(Dataset entries)

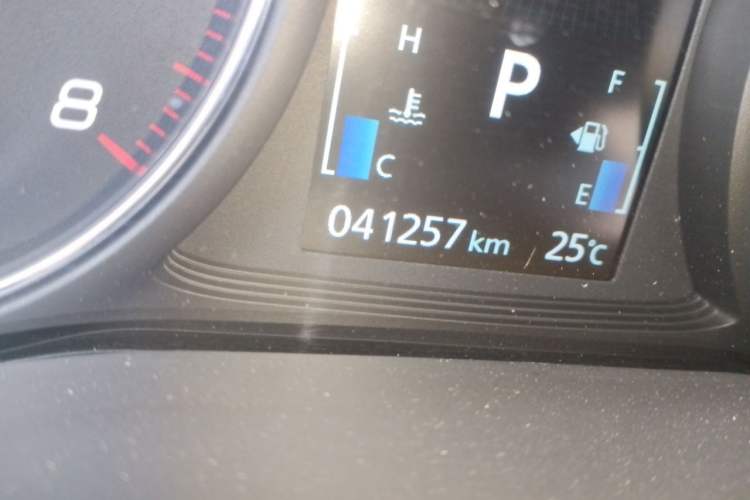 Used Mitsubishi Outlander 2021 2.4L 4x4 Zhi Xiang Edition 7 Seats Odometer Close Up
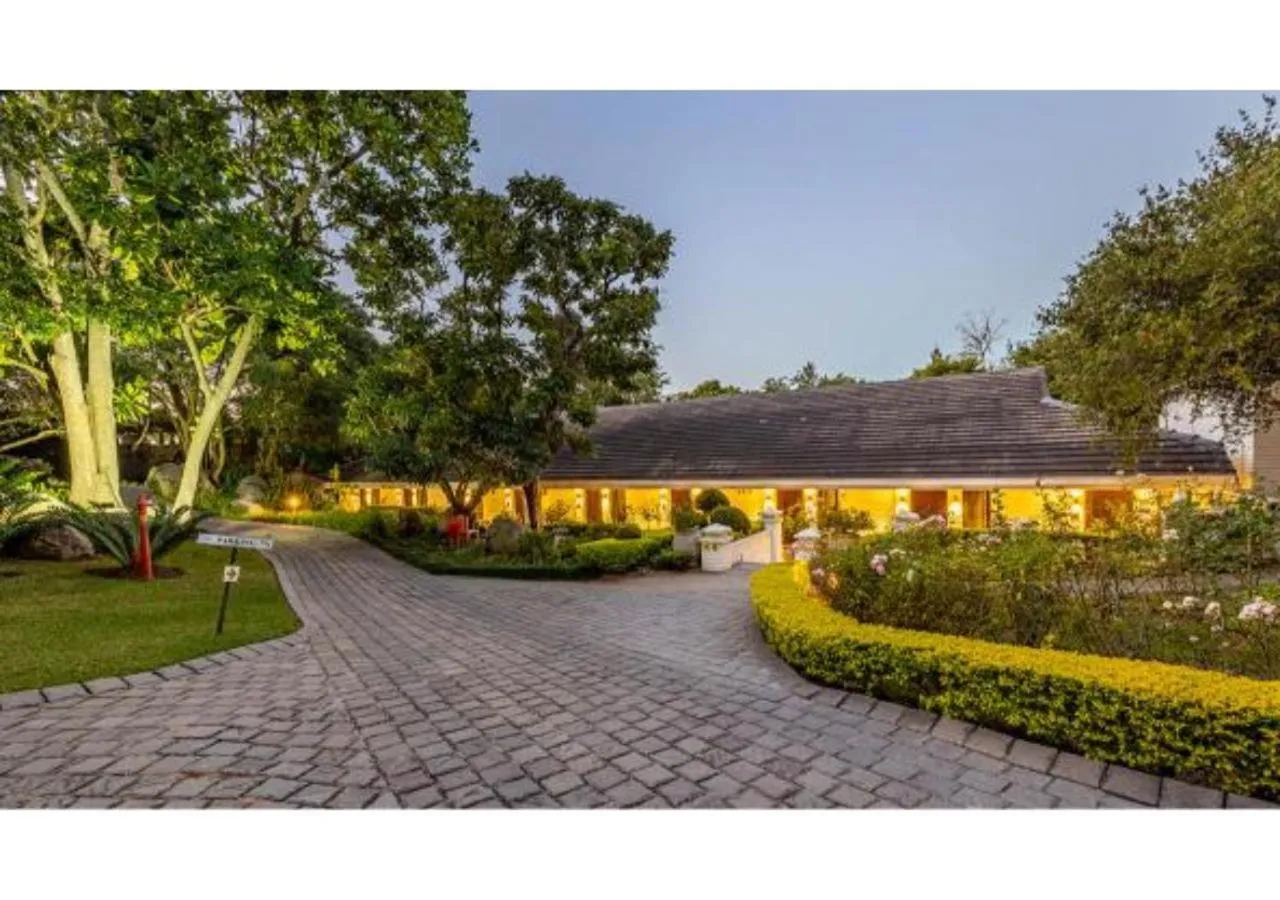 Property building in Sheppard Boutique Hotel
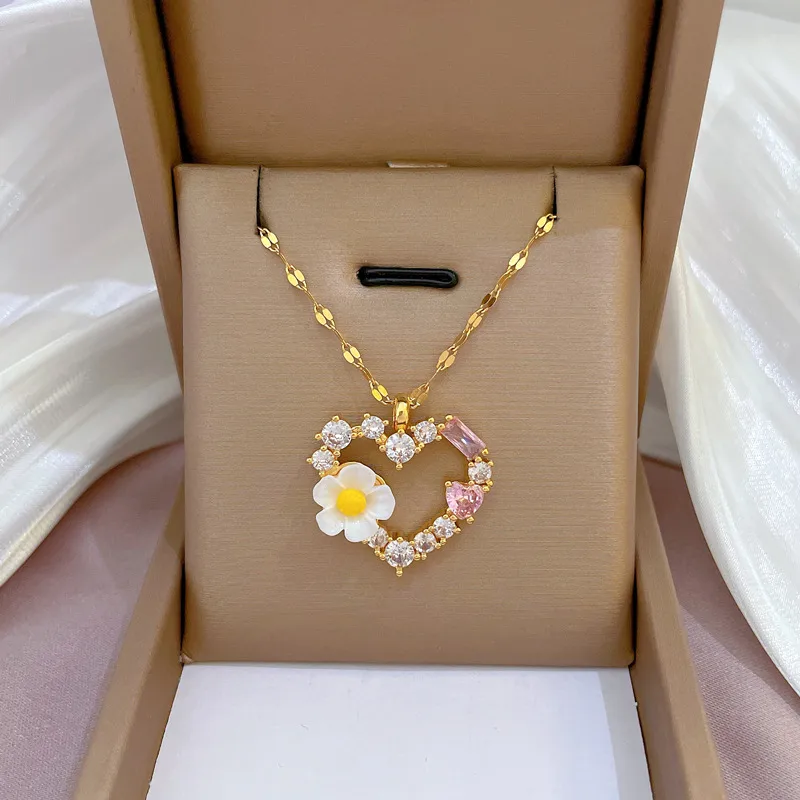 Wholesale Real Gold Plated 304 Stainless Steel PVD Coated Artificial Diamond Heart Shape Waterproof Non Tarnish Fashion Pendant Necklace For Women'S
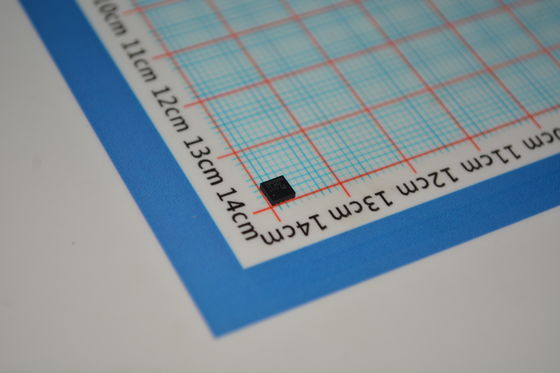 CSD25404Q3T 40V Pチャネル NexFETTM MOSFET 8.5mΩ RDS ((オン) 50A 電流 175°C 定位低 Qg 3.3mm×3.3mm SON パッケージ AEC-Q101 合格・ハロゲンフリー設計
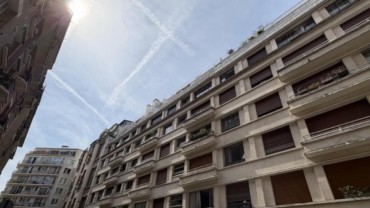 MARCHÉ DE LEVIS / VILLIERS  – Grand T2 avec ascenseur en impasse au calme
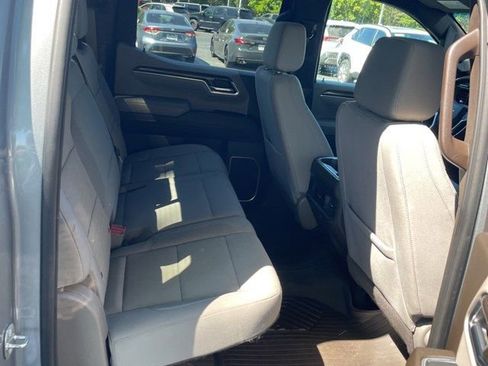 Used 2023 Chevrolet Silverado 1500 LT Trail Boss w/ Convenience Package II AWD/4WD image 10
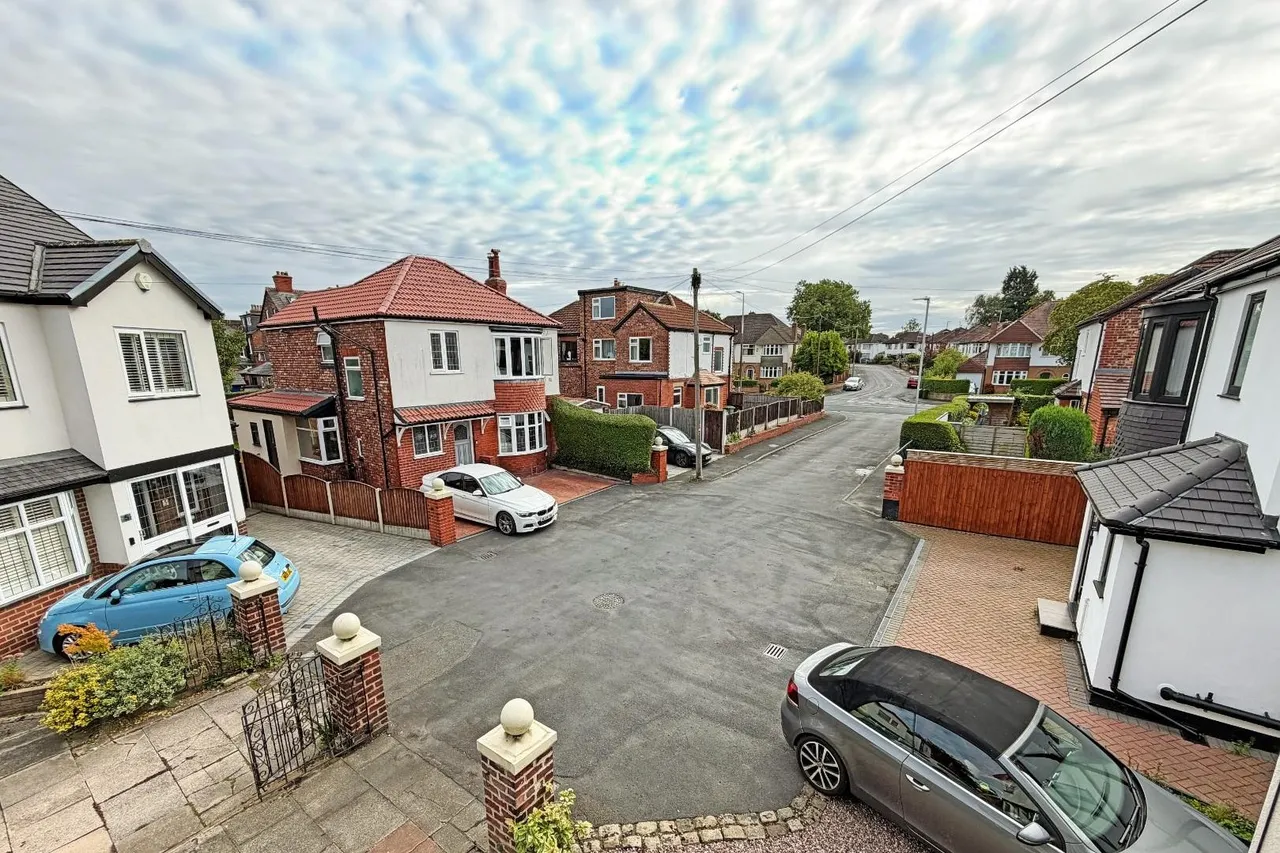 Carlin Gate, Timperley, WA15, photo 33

**ABOUT THIS TASK**.
Once the pictures are set aside, reproduce the records in full and exactly.

**SOLUTION**.
 Used Mitsubishi Outlander 2021 2.4L 4x4 Zhi Xiang Edition 7 Seats Odometer Close Up
 Property building in Sheppard Boutique Hotel
 Wholesale Real Gold Plated 304 Stainless Steel PVD Coated Artificial Diamond Heart Shape Waterproof Non Tarnish Fashion Pendant Necklace For Women'S
 CSD25404Q3T 40V Pチャネル NexFETTM MOSFET 8.5mΩ RDS ((オン) 50A 電流 175°C 定位低 Qg 3.3mm×3.3mm SON パッケージ AEC-Q101 合格・ハロゲンフリー設計
 MARCHÉ DE LEVIS / VILLIERS  – Grand T2 avec ascenseur en impasse au calme
 Used 2023 Chevrolet Silverado 1500 LT Trail Boss w/ Convenience Package II AWD/4WD image 10
 Carlin Gate, Timperley, WA15, photo 33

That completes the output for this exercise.